Saturday, November 16, 2013

Essential Oil Healing History

Physicians Healing and History

Two hundred years ago, visiting the doctor was risky business, and it is somewhat risky still today, considering how many germs are floating around in the waiting room.  Anesthetics were unavailable, two hundred years ago.  An open wound could easily become infected during an operation and deadly diseases could not be treated. However, we tend to think in terms of our most resent history and we also tend to believe that we are always improving, or rather that history is always leading us in a progressive direction and continues to become better and better.  This is the error of the human mind when we study history. In 1667 a successful blood transfusion was carried out using a lamb as a Donner, lucky the patient, a young boy age 15, survived!  This is what we think of as medical progress.  But  we forget about ancient history, we tend to think that modern medicine is the only answer and the only way.  It seems though that progress, and history isn't always an upward climb. 
Ancient Egyptians knew about the heart and heart rate, pulse rate, blood and air in combination with the human body and the emotions long before we ever attempted a lamb patient blood transfusion.
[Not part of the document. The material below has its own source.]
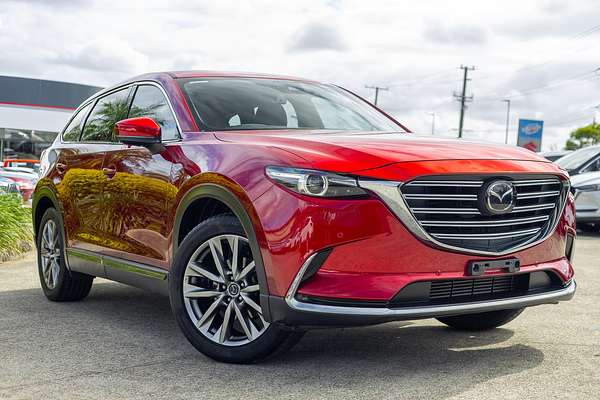 2018 Mazda CX-9 Azami TC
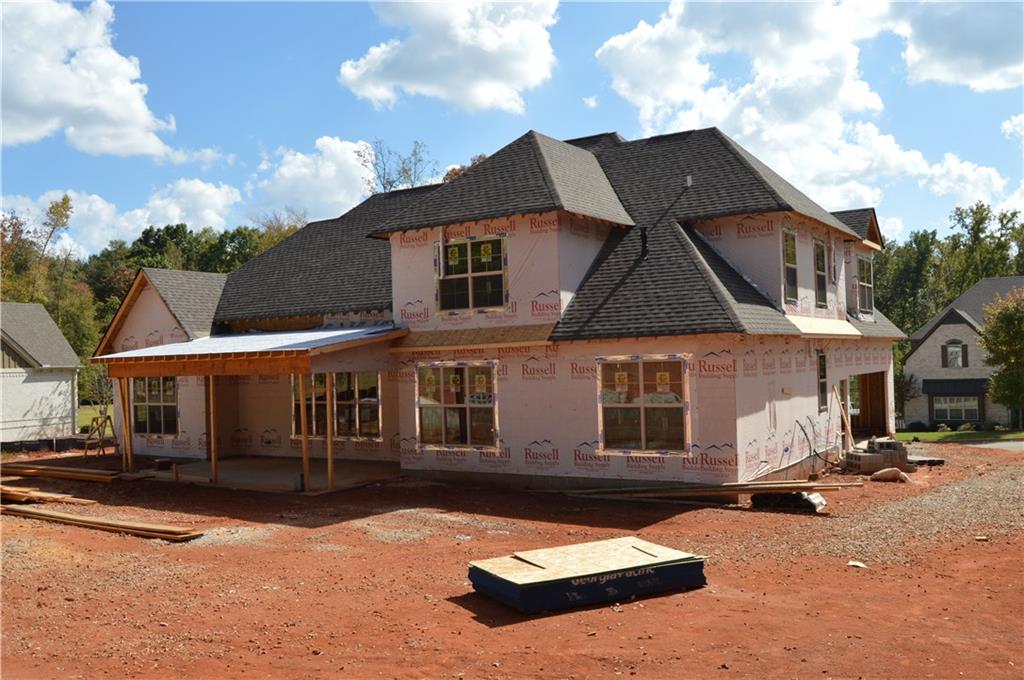 1246 FALLS CREST PLACE, Auburn, AL 36830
In what is called Papyrus Ebers that dates back to 1500 BC we find a surprisingly accurate description of the entire circulatory system.   In fact in looking back we find that even brain surgery has been practiced anciently in many cultures around the world Ancient Egyptian surgical practice is well documented to archaeologists. Ancient mummification techniques is ample proof that medical knowledge was known to humans long before two hundred years ago and our sometimes botched attempts at playing doctor. Ancient Sumerians were known to practice medicine as well using oils and spices as medicine.  There are several texts showing the liability of physicians who performed surgery that have been found in regions of Iran. - See more at: Ancinet Mesopotamia Iran History.  One need only study the history of the spice trade to realize the importance of spices and oils as medical answers. The trade was extensive and the practice of spices was not only related to worship, but rather health.  This trade drove the world economy prior to the dark ages. It was wealth - and also health. 
The spice trade reached from the Mediterranean Sea to the Indonesia. 

We would be very naive indeed to consider Western Medicine as the only successful answer to health. The Chinese practice of medicine dates back to 5000 years ago. Many of these practices have been shown to be highly successful. A recent randomized controlled study has shown a commercially available herbal plant oils to be effective in reducing symptoms of Irritable Bowl Syndrome, as long as Western Medical drugs are avoided. Avoiding Western Drugs, as we study it more and more,
could sometimes be the solution. One needs only watch commercials on T.V. to realize the numerous problems of pharmaceuticals. There are extensively long lists of adverse side effects of drugs that are being advertised. Often those lists include death and suicide. There are also commercial lawsuits alerts, sometimes following those same advertisements, in which the introduction of drugs considered safe to distribute to the public has later proven to be the cause of major medical problems, again those some of those problems being death and suicide.  It seems that Western Medicine isn't working as effectively as we would wish.
   
Doctors today still refer to themselves, after medical school, as practicing, and that is just what they are doing, though no doubt they are often skilled and highly trained, and are answering problems in the way they have been trained.  It seems that good answers to our health could actually, however, lie further back into the historical records. Ancient history is sometimes not so primitive as we would like to believe. When we speak of Western Medicine as being a new "discovery" we are being very loose in our interpretation of the word discovery.